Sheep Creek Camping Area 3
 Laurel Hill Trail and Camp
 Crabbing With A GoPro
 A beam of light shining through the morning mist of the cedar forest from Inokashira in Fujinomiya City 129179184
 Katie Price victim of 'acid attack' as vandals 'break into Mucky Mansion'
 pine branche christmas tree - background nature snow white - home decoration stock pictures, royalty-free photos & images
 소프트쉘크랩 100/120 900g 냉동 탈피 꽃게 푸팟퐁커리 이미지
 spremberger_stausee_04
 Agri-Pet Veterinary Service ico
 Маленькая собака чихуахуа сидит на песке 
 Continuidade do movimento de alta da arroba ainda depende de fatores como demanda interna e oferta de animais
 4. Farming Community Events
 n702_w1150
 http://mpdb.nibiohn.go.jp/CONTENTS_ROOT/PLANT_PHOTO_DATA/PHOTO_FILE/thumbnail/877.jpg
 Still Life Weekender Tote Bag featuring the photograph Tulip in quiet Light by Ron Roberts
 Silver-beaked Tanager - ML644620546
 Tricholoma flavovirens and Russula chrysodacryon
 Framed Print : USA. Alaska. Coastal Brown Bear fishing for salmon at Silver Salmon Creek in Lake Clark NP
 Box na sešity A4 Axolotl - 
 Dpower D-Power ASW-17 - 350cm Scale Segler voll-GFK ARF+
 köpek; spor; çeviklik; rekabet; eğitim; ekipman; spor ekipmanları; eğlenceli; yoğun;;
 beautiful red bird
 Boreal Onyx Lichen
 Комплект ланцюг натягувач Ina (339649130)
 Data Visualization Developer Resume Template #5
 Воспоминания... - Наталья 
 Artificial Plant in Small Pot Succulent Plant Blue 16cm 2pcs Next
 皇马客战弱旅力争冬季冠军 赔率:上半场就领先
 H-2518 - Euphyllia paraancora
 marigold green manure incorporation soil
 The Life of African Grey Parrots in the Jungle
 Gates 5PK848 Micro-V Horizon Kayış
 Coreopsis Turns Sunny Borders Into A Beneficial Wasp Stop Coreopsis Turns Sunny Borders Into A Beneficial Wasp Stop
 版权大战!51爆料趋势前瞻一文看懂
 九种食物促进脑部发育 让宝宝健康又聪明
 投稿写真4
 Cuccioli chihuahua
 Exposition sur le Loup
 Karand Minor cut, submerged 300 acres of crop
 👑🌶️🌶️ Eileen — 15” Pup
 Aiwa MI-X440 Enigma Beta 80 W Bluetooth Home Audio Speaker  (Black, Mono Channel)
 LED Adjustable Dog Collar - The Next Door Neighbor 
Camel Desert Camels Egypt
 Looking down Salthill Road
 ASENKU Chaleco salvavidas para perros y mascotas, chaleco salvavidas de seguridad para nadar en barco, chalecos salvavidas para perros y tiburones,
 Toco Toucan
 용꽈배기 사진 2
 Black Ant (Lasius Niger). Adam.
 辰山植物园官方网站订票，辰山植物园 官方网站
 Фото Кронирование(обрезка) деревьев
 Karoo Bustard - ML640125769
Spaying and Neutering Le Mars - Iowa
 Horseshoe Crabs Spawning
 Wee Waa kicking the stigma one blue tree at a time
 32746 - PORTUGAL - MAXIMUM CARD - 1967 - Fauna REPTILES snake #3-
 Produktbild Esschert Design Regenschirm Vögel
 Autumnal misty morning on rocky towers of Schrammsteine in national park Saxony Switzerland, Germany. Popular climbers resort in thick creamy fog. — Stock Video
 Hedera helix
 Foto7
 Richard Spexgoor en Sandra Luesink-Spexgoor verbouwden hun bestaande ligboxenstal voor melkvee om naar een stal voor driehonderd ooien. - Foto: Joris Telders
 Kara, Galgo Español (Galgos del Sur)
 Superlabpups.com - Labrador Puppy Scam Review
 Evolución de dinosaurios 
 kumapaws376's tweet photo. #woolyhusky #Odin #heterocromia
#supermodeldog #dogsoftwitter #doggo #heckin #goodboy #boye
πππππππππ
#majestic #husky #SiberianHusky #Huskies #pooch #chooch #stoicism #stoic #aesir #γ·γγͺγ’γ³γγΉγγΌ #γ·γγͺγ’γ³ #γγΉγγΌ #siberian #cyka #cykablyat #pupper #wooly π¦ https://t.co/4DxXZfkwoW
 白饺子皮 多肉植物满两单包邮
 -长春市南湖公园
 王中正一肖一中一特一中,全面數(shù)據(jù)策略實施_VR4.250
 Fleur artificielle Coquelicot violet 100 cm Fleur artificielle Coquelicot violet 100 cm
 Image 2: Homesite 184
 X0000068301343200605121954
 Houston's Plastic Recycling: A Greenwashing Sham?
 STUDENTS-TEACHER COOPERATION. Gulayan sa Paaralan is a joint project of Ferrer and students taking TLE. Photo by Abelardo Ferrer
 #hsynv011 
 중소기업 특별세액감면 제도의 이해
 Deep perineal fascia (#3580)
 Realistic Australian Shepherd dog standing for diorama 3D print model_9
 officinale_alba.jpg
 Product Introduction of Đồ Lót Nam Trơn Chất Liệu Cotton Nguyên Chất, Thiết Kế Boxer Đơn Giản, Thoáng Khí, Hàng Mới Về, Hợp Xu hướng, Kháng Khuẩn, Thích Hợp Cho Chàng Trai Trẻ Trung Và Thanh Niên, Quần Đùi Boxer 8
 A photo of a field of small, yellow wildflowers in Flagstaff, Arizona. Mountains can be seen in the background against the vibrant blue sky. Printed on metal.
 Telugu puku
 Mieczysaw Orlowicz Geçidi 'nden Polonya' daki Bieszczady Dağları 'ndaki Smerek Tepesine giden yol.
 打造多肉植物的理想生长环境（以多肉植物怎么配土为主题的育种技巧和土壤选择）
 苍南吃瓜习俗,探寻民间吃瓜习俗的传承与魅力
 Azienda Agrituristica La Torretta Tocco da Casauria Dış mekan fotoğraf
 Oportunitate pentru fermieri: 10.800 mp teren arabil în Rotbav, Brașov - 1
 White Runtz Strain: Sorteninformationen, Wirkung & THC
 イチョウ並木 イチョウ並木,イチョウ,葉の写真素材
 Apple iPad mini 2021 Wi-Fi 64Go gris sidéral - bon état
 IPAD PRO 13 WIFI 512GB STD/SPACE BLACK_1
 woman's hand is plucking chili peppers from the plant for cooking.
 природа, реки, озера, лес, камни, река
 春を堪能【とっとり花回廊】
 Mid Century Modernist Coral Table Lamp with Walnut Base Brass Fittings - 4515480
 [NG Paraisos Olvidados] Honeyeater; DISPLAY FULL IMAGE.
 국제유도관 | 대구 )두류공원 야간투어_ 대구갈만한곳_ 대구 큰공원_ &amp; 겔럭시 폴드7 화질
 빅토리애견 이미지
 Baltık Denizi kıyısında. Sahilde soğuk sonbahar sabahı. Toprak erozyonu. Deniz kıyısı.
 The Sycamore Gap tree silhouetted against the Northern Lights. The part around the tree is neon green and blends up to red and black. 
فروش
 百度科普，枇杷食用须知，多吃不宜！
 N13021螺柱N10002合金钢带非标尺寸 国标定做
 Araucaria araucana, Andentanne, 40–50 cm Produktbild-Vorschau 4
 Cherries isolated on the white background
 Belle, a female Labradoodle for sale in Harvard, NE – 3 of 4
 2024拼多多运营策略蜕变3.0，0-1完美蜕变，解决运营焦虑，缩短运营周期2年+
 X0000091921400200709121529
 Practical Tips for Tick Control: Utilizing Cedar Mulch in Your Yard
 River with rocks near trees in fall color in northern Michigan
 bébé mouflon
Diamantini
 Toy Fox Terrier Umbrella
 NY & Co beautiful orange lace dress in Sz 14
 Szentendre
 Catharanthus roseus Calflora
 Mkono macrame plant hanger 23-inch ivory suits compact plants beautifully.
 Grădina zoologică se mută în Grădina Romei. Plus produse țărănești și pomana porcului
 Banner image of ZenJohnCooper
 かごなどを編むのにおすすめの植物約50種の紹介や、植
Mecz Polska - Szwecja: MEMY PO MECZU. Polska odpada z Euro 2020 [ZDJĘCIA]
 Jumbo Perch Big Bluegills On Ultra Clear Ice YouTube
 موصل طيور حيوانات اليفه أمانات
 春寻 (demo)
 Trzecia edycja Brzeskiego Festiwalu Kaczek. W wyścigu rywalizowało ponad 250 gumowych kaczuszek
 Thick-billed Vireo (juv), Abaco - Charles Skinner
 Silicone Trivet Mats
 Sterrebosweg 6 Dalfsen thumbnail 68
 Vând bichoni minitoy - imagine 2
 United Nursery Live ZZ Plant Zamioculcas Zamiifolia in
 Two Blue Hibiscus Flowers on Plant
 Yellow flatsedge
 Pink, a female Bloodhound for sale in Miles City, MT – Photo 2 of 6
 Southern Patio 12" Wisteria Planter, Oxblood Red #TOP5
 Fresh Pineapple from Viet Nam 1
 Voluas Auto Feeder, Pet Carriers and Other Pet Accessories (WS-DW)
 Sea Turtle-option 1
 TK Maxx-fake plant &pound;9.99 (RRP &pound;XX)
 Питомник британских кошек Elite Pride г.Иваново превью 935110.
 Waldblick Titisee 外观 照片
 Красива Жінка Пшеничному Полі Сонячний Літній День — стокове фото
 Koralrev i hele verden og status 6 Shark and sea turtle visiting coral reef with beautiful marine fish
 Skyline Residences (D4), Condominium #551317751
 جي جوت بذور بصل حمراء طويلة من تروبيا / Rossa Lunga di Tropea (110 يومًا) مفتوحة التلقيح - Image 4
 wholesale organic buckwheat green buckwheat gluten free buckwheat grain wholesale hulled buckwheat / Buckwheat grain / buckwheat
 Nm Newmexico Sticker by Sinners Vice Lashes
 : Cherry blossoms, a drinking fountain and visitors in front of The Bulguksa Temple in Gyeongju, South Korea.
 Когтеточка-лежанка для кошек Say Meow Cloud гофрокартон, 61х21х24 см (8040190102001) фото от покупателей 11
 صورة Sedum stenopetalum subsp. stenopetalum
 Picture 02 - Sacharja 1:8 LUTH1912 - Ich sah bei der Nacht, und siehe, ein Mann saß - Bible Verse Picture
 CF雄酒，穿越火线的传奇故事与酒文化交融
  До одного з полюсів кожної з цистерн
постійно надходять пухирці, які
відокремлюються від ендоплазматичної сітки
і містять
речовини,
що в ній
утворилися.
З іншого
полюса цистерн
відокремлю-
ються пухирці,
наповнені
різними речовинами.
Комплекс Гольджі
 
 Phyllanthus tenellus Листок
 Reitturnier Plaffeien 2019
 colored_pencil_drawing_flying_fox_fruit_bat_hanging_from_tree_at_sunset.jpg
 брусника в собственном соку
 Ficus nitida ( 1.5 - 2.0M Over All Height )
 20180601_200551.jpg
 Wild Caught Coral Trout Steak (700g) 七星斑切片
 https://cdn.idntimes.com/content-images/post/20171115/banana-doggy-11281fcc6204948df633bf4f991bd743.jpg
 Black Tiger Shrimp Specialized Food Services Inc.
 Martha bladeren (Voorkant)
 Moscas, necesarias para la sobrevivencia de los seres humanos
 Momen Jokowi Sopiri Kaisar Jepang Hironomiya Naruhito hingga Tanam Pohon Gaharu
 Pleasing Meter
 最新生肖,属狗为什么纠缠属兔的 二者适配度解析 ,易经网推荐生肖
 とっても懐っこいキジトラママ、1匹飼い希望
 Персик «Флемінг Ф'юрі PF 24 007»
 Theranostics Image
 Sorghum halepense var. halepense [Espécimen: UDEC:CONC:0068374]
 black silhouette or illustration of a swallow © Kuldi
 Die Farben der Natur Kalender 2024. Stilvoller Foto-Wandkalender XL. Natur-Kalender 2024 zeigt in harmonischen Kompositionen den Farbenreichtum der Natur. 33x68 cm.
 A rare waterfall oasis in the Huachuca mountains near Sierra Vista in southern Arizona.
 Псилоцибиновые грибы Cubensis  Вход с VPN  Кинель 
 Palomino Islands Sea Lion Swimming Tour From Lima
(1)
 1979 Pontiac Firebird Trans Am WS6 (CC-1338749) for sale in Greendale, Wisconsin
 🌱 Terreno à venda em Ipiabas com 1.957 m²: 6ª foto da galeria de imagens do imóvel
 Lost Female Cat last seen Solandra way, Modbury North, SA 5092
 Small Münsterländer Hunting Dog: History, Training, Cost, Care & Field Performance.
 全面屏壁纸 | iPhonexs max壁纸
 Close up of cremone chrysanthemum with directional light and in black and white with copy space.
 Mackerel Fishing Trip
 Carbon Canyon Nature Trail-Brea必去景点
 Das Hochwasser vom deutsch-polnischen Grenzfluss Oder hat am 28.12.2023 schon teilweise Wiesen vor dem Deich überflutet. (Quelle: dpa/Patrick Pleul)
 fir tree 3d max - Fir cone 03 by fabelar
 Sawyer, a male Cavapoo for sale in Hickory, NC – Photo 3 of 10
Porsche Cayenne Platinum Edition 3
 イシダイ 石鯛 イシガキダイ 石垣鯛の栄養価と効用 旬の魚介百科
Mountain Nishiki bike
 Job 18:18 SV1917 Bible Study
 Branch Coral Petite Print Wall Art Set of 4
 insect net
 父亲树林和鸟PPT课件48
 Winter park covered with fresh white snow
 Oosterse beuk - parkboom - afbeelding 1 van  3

What you need to do: Reproduce the lines of the entries above from the one with "A beam of light" to the one with "Boreal Onyx Lichen", both included, exactly and without any other line.

Answer box:
 A beam of light shining through the morning mist of the cedar forest from Inokashira in Fujinomiya City 129179184
 Katie Price victim of 'acid attack' as vandals 'break into Mucky Mansion'
 pine branche christmas tree - background nature snow white - home decoration stock pictures, royalty-free photos & images
 소프트쉘크랩 100/120 900g 냉동 탈피 꽃게 푸팟퐁커리 이미지
 spremberger_stausee_04
 Agri-Pet Veterinary Service ico
 Маленькая собака чихуахуа сидит на песке 
 Continuidade do movimento de alta da arroba ainda depende de fatores como demanda interna e oferta de animais
 4. Farming Community Events
 n702_w1150
 http://mpdb.nibiohn.go.jp/CONTENTS_ROOT/PLANT_PHOTO_DATA/PHOTO_FILE/thumbnail/877.jpg
 Still Life Weekender Tote Bag featuring the photograph Tulip in quiet Light by Ron Roberts
 Silver-beaked Tanager - ML644620546
 Tricholoma flavovirens and Russula chrysodacryon
 Framed Print : USA. Alaska. Coastal Brown Bear fishing for salmon at Silver Salmon Creek in Lake Clark NP
 Box na sešity A4 Axolotl - 
 Dpower D-Power ASW-17 - 350cm Scale Segler voll-GFK ARF+
 köpek; spor; çeviklik; rekabet; eğitim; ekipman; spor ekipmanları; eğlenceli; yoğun;;
 beautiful red bird
 Boreal Onyx Lichen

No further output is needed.